The Department of Health is building on the task force work in two main ways. Officials are working up detailed costings for implementation of the report's recommendations, by a survey of current provision and by means of a computer model. Probably more important is that a sub-group of the clinical outcomes group, more commonly known as COG, has been set up to develop guidance for purchasers.
The terms of reference of COG, which is a multi-professional, non-statutory committee that advises the Department on how to improve outcomes of clinical care, are to advise on the strategy for medical, nursing and therapy audit; facilitate the development of clinical and service-wide audit; disseminate good practice through sharing guidance, material and experience in audit; advise the chief medical officer and the chief nursing officer on the most appropriate action to ensure the attainment of desired clinical outcomes and on the relevant areas of research; and identify areas where measurable and sustainable improvements in health can be achieved, including examples of bad practice—which it is as important to eliminate as to establish good practice.
To highlight the importance that the Department attaches to the messages that came out of the St. Vincent task force and the CSAG reports, it set up a diabetes sub-group under COG—the clinical outcomes diabetes sub-group—whose task is to develop purchaser guidance based on the report's recommendations. A key element underpinning all that work is that it should be based firmly on medical and scientific evidence of effectiveness where possible.
The hon. Gentleman rightly emphasised the importance of ensuring that research is translated into good practice. There is a continuing body of work based on research 699 currently being undertaken, which, once it is complete, should be available to affect what happens in the field—as the hon. Gentleman suggested should happen.
I can illustrate the significant relationship forged during the sub-group's work by its diverse membership. Professor David Shaw, who chaired the St. Vincent task force so admirably, and Professor Harry Keen, chairman of the BDA, both serve on the sub-group, which will reinforce the strong link between the new group and the work of the task force. Their important experience of the life of the task force will add immeasurably to the depth of understanding of the issues in the group.
The sub-group started its work last autumn, and meets at monthly intervals. I understand that it is making excellent progress, and that is an important initiative for the Department. We in government have supported the St. Vincent initiative since its inception. I am sure that the 700 work programme that is in hand is a sensible way forward, so that we can continue to make progress and secure better treatment levels and packages of care for all people who suffer from this terrible problem.

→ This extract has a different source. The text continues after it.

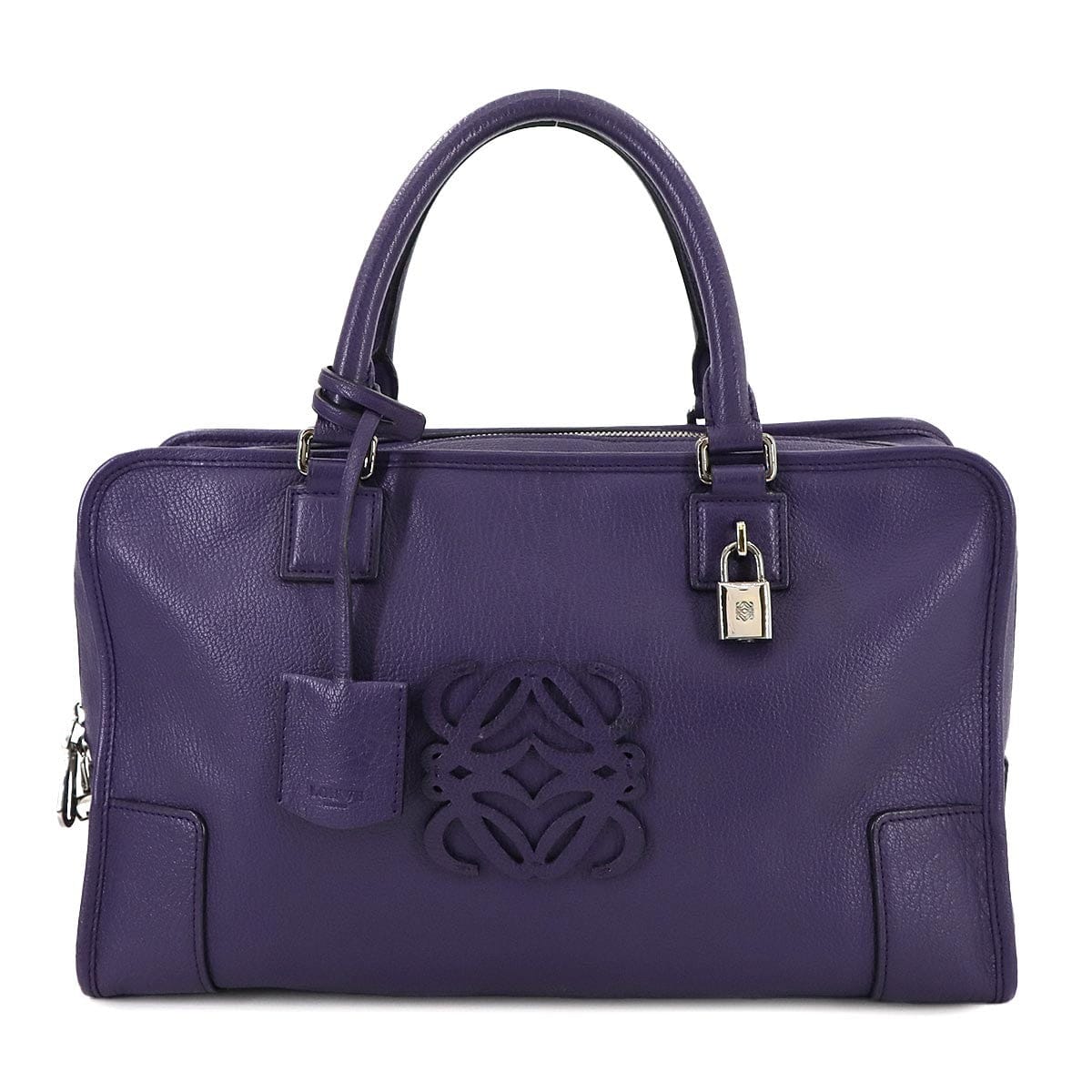 Luxury Promise Japan LOEWE Amazona 36 Hand Bag Leather Purple Anagram Purse 90287657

Although the hon. Gentleman said that he would let me have an early bath, it is useful that we have been able to use the earlier conclusion of tonight's proceedings to explore a serious problem in slightly greater depth. I am grateful to him for having raised it. I am especially grateful because it gives us an opportunity to set out the work programme that is in hand. On the other matters, I repeat my reassurance. I will, of course, raise them with the Ministers responsible, and I confirm that I am happy to do so.
§ Question put and agreed to.
§ Adjourned accordingly at twenty-six minutes to Ten o' clock.